Rotten Tomatoes ratings for 30,000+ movies explained with Machine Learning
SHAP values for director, genre, rating, and more
SHAP values for director, genre, rating, and more
In this article, I use the dataset containing extensive information for about 140,000 unique movies from the Rotten Tomatoes website collected by April 2023. The dataset is publicly available on Kaggle. Full details of the analysis can be found in this public Kaggle notebook.
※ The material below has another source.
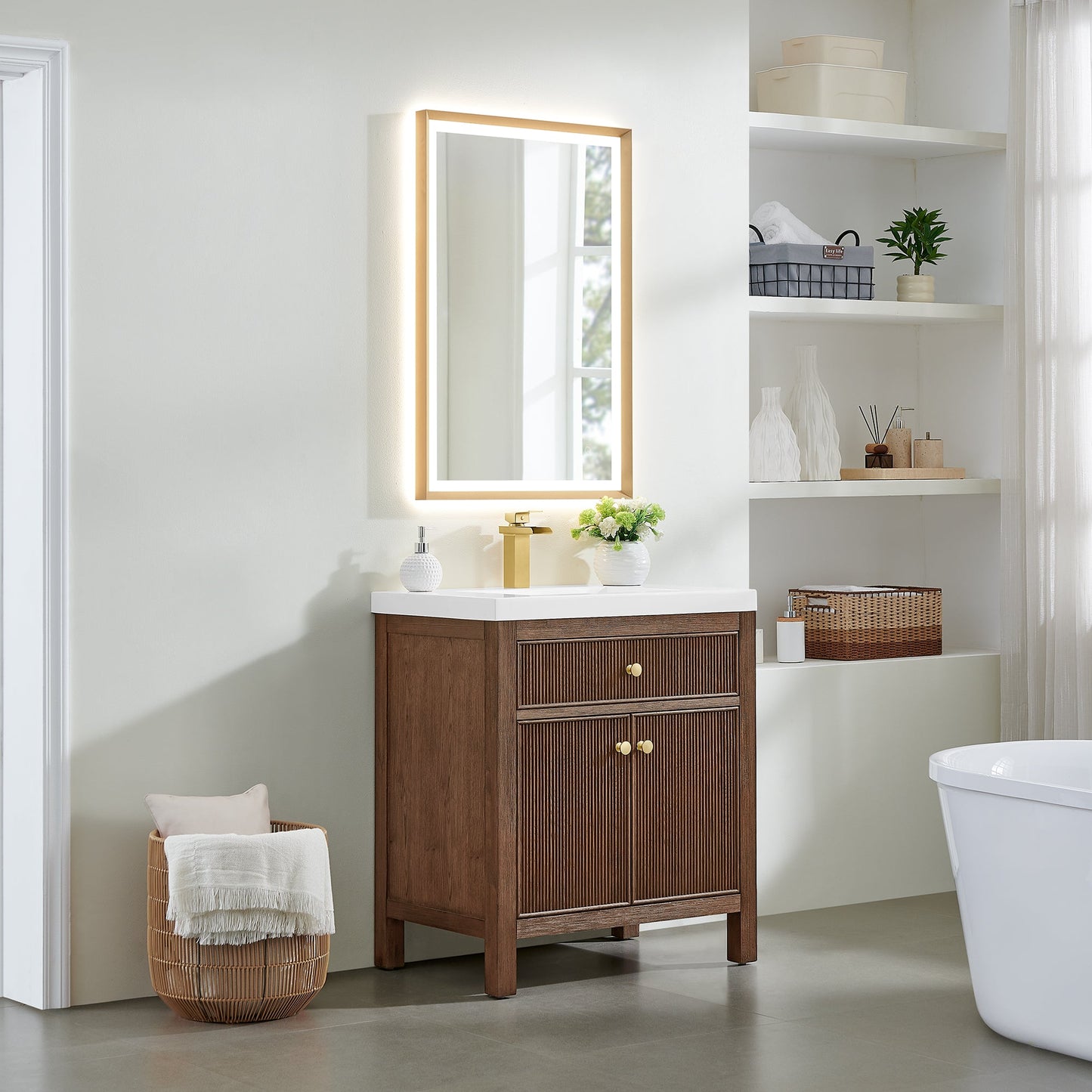 Cerrito 30" Single Bathroom Vanity with White Engineered Stone Integrated Sink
Step 1 — data preprocessing
Here, data preprocessing consists of the following steps:
selecting movies with identified labels — rating scores from both users (audience score) and professional critics (tomato-meter score) — scaled from 0 to 100;
converting movie release dates to decades;
grouping movie runtime lengths into larger (20-minute) bins;
extracting movie genres, directors, and sound mix columns and encoding them with at least 25 records present in the dataset;
removing unused columns;
finally, encoding rare categorical variables such as movie ratings, distributors, original languages, runtime lengths, and release decades with no more than 60 different categories in each column and at least 100 records in each category.
Finally, we have received the dataset with more than 30,000 movies, with defined ratings both from users and from professional critics, and selected them for the subsequent analysis.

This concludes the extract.